O intuito do sorvete é oferecer proteína animal, ao mesmo tempo em que alivia o incômodo das feridas na boca causadas pela quimioterapia.

Tudo começou em 2019, quando a filha de Ana Maria foi diagnosticada com câncer de mama aos quatro meses de gravidez.

Naquele momento, a filha da pesquisadora tinha dificuldade para ingerir proteína animal e estava com feridas na boca em decorrência da quimioterapia. Os problemas se transformaram em um impulso para a ciência.

"Quando ela fazia a quimioterapia tinha feridas na boca e ficava com ela bem sensível, então pedia para comprar sorvete que acalmava, dava um alívio. Ela não conseguia comer carne por causa das fibras. Começamos então a fazer almôndega e hambúrguer com a carne micro moída e ela conseguia comer. Juntei o sorvete que ela tomava e micro carne e pensei: se eu juntasse o sorvete à proteína do peixe que é nutricionalmente saudável e desenvolvesse esse produto para pacientes com câncer?"

Ana Maria comenta que sorvete tem gostos conhecido pelo paladar. "Tem sabor de sorvete de creme com leve toque de baunilha".

A transformação
 
A tilápia foi importante em um período delicado para a família, contudo, está presente nos estudos de Ana Maria desde 2008.

Através de métodos de biotecnologia, o pescado foi transformado em líquido para poder ser facilmente adicionado ao sorvete.

Em breve, segundo a pesquisadora, o produto passará por mais testes, como nutricional, composição e análise sensorial.

O próximo passo é transformar a tilápia líquida em pó para facilitar a adição no sorvete e outros produtos que poderão ser desenvolvidos, como bolos, tortas e suplementos alimentares.

Experimento

Conforme Ana Maria, o produto ainda não é comercializado, mas pôde ser degustado pelos participantes do evento International Fish Congress & Fish Expo Brasil 2021, maior encontro brasileiro da cadeia do pescado, realizado em Foz do Iguaçu, no dia 24 de novembro de 2021.

O produto poderá ser utilizado no tratamento de pessoas com câncer após passar por testes específicos.

Amor de mãe
 
A filha da pesquisadora, Ana Paula da Silva Leonel, está curada e a neta dela não teve complicação alguma.

Bem de saúde, Ana Paula conta que há dez anos ela e a mãe trabalham juntas com projetos de alimentação à base de pescado para a alimentação escolar.

Ela comenta que a mãe a acompanhou durante todo o tratamento do câncer, sendo muito importante este apoio para a recuperação dela.
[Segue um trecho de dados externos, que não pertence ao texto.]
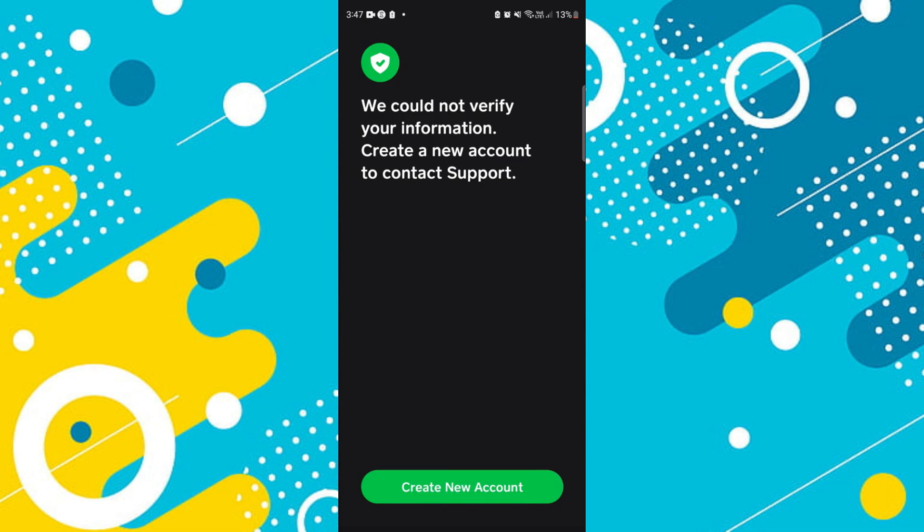So that's basically how you can access an old Cash App account without an email address or phone number. That's all for this video — if you find it helpful, consider subscribing and giving this a thumbs up, and I'll catch you in the next one.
Com emoção, ela fala sobre o estudo que a mãe vem desenvolvendo.

"Quando minha mãe me contou sobre isso, eu fiquei muito feliz, muito lisonjeada, muito especial, por ela pensar em mim pra criar um produto que poderá ajudar muita gente no futuro. Me sinto muito amada."

Produção de tilápia no Paraná

A escolha do peixe como base para o estudo, segundo Ana, também ocorreu pela grande produção do pescado no estado. "A cadeia da tilápia está consolidada em todo Paraná, e por ser um pescado de sabor leve e agradável, pode se desenvolver os mais variados produtos."

De acordo com o Anuário Peixe BR de 2020, o Paraná produziu 172 mil toneladas de peixes, destas, 166 mil toneladas eram de tilápia.

O estado lidera a produção do peixe no Brasil, com 21% de todo pescado brasileiro. De acordo com o Instituto Brasileiro de Geografia e Estatística (IBGE), o Paraná possui 24,6 mil produtores de tilápia e o ocupa a terceira posição nacional em exportações do peixe.

Ana Maria é doutoranda do Programa de Pós graduação em Desenvolvimento Rural Sustentável da Universidade Estadual do Oeste do Paraná (Unioeste), Campus de Marechal Cândido Rondon com orientação do professor Arlindo Fabrício Correia.